• Your instructions:
Return the count of lines in the following records that include "running", and nothing more.

• • • • •

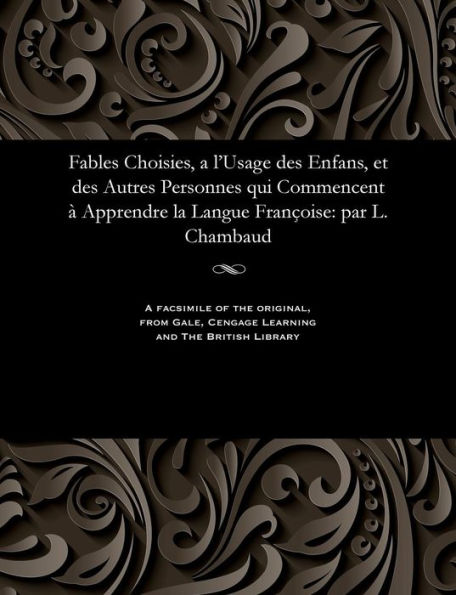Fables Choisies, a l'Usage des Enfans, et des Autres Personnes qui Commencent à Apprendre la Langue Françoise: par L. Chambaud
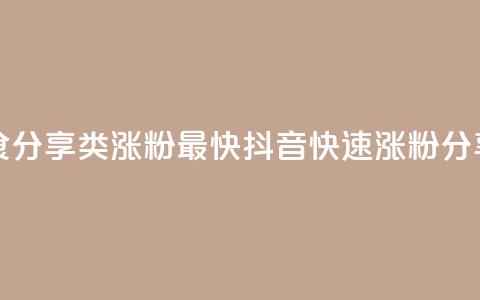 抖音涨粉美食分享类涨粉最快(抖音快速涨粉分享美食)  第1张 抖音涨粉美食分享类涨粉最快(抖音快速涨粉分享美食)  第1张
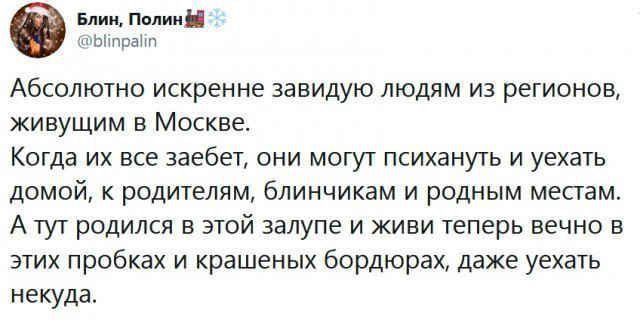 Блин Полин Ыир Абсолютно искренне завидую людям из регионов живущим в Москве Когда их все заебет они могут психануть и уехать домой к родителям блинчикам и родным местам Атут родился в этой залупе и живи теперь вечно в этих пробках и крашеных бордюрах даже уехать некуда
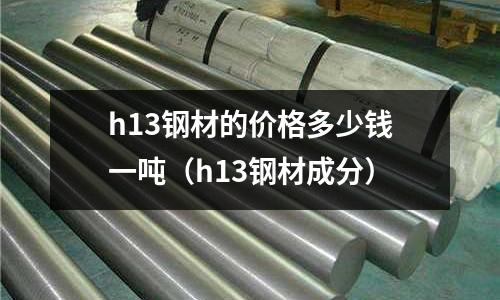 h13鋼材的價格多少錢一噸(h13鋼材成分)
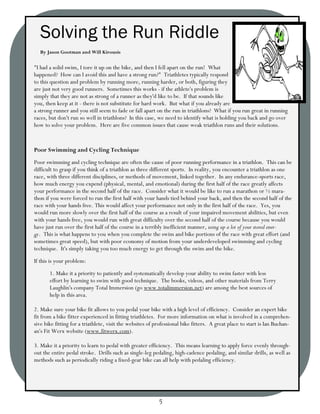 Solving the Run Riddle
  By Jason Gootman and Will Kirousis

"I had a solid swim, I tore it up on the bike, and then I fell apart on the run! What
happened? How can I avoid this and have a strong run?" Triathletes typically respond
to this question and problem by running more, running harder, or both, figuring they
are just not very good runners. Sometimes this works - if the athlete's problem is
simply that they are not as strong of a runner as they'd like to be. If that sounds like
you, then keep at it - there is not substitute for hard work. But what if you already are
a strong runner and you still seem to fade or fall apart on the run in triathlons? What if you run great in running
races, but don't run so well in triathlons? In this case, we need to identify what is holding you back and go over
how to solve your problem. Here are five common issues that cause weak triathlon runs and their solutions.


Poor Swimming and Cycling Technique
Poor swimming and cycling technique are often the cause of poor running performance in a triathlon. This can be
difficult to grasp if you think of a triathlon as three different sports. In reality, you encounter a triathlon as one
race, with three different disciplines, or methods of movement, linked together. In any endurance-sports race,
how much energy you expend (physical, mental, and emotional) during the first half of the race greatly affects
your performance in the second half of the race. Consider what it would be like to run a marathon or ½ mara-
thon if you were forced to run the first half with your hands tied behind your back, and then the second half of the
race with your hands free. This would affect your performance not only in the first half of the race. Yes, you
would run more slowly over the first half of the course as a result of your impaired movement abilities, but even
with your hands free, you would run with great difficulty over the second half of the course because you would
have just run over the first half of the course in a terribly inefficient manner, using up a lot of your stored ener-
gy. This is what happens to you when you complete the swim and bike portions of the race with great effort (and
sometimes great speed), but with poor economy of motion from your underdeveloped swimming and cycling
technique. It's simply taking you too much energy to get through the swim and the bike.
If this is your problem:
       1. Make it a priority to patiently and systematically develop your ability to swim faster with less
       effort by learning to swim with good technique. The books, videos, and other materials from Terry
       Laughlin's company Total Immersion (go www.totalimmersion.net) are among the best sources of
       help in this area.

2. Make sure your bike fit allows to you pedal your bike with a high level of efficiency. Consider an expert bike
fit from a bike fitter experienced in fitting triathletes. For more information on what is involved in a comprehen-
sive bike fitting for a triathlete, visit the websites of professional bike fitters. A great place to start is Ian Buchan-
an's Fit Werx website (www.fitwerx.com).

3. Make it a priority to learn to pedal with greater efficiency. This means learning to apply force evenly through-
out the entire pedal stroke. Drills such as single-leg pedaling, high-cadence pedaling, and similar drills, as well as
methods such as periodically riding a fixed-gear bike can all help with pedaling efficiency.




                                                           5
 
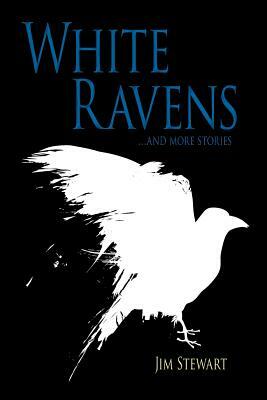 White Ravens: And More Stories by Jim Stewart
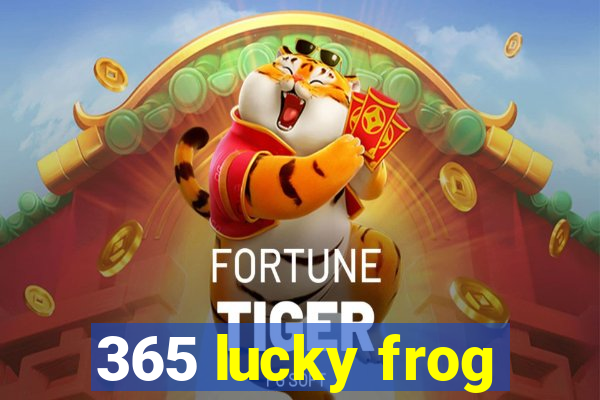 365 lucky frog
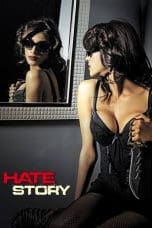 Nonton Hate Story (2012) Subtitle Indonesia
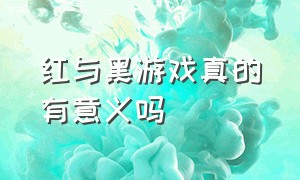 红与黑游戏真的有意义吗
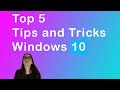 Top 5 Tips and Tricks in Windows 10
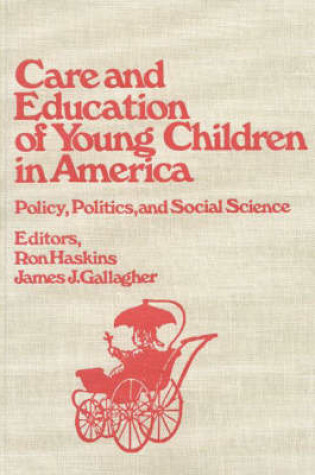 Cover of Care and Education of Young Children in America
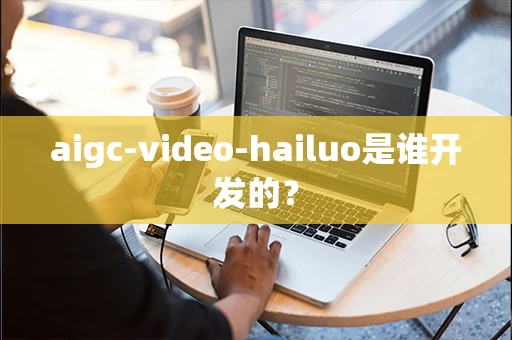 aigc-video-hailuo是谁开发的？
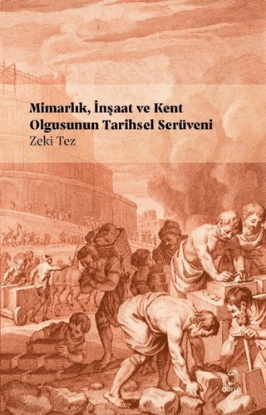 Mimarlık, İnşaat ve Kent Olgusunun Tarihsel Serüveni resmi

• • • • •

• Expected answer:
3